[Collected data]:

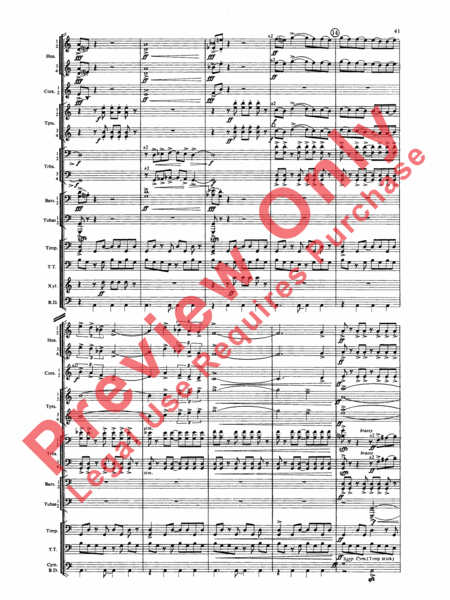 Symphony for Brass and Percussion (score only)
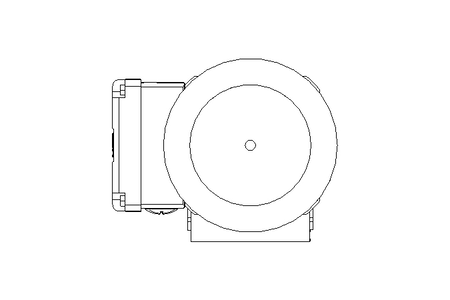 Right-angle geared motor 0.25kW 79 1/min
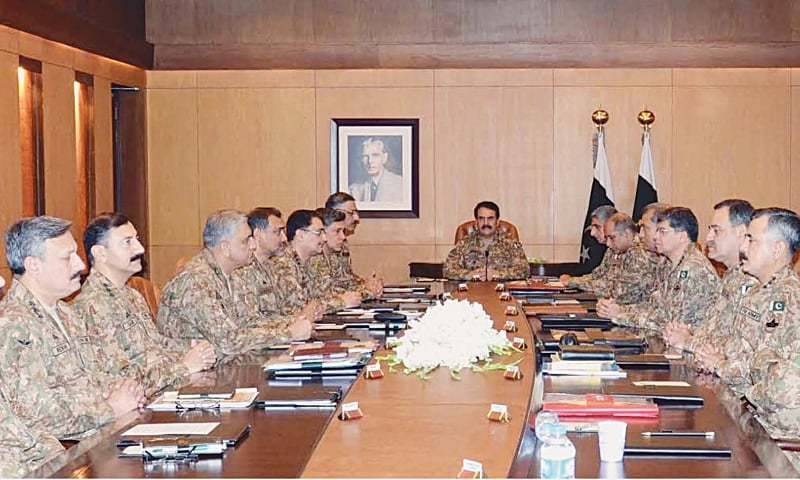 COAS shows dissatisfaction over the slow implementation of NAP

[Exercise details]: For this exercise, give the listing again exactly as written, with the pictures omitted.

[Finished task]:
 Symphony for Brass and Percussion (score only)
 Right-angle geared motor 0.25kW 79 1/min
 COAS shows dissatisfaction over the slow implementation of NAP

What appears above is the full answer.